You see, the jiggly, jouncy, vibrating and bouncy ride of my aging chariot has rendered my leg like so much navy blue clad Jell-o.


This can't be good. And, as it turns out, it isn't.


Yes friends and neighbors, I am here to testify to you that it is virtually impossible to exit from the DRIVER'S side of the vehicle with your entire left butt cheek and left leg numb to the gills. Prayers that you will somehow land on your right leg in a tortuously slow ballet of shifting weight and motion is comedy fodder for the people in the parking lot nearby.
While I don't mean to be the opening act for a comedy revue, it is. In retrospect, it must have looked awfully funny and awfully awkward to see someone trying to hitch themselves around to a standing position with no support from the left leg.


I am happy at this time for the handicap tag that hangs from the visor. At least there is a possibility it will explain the odd and jerky marionette like motions the other patrons of the establishment are seeing.


I'm also happy I'm at a meat processing facility and not near a bar. Other explanations for my lack of motor coordination would be evilly inferred...


When I can finally feel my leg and butt cheek again, I'm helping the nice stocky beef dude (who is kindly explaining to me about vacuum sealing and flash freezing cow hearts) to load them into the iced cooler I have brought along. I thank him for his help and especially thank the meat packing company for giving me so many of them in the name of students getting a high school diploma.


Heading back north, my next stop in Hartselle, the ride back has done nothing to improve my leg. On the contrary, it is a spreading evil. It is like a maniacal version of a massage, but instead of bringing relief, it brings loss of feeling, embarrassment and, eventually, a great deal of pain.


Did you know that accidentally landing on the leg that is numb makes a crunchy sound in a bad knee and ankle? Me neither. But it does. Sounds kinda like a bag of potato chips being squashed.

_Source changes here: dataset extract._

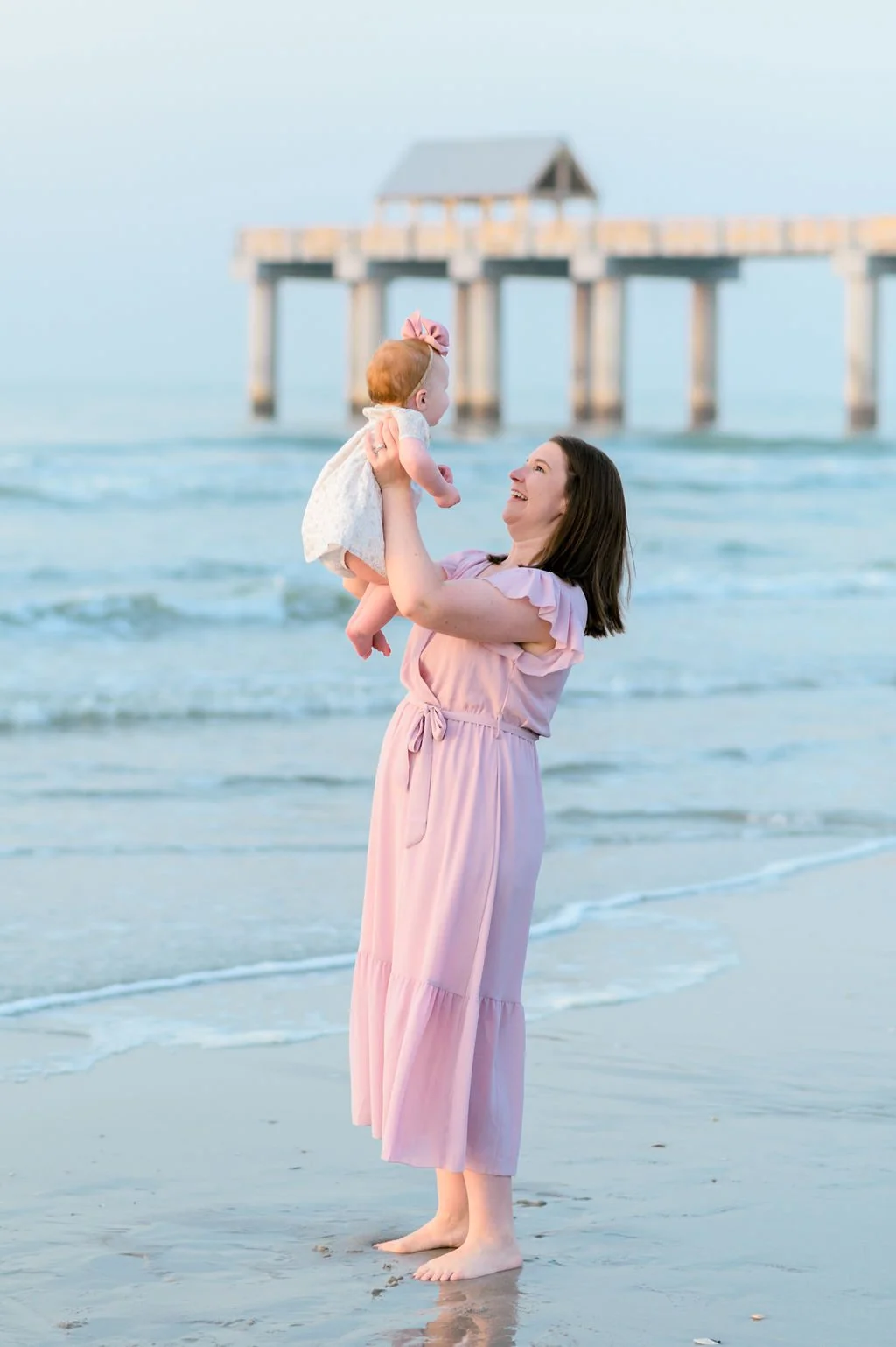 SurfsideBeach,SouthCarolinaPhotography-HosannaWilmotPhotography-79.jpg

The nice young man at the next slaughterhouse regretfully informs me that he doesn't have the requisite number of bovine eyes for me. I assure him that the kids in my sister Xan's class will be happy to have ANY eyes at all.

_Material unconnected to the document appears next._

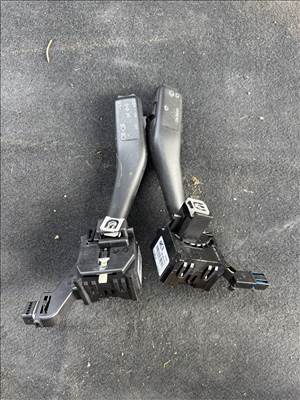 Seat Altea ablaktörlő kapcsoló 1k0953519a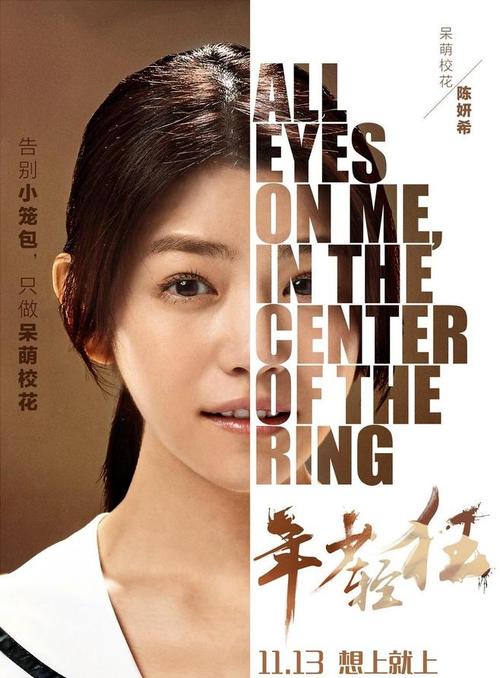 京都女子大学证书办理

The customer service area of his slaughterhouse is adorned with a host of taxidermied animals in various poses both threatening and just plain awesome. I told him so.


Xan would have like to have the mounted and stuffed animals for her classroom. Maybe that one kid who was high last year at school would have some kind of a freak out if he saw them... looking a him... wondering if anyone else saw them, too. But I digress...
Dragging my leg back out to the van, I'm thankful for the long drive home because I know it will numb the pain that is now creeping up to my brain. Opening the passenger side door to the van, it's time to start icing the eyeballs. Once in place, I shut the door, walk around to the other side, haul my unwilling carcass into the van and busy myself with closing the lid to the second smaller cooler.


Looking at the gas gauge in my unwilling chariot, I have concerns. The van isn't well known for it's high gas mileage and efficiency... Houston, we have a problem. How can that much gas go away that quickly??? Yikes!


Have you ever heard of the phrase "on a wing and a prayer"?


Well, I'm here to tell you that's exactly how my Jell-o leg and I made it to Athens with animal giblets in one piece. The people on the highway were FLYING past me as if 70 miles an hour was just not near Indy enough for them. Speed on brother, hell ain't half full and I'm sure they have reserved a spot just for you and your lead foot!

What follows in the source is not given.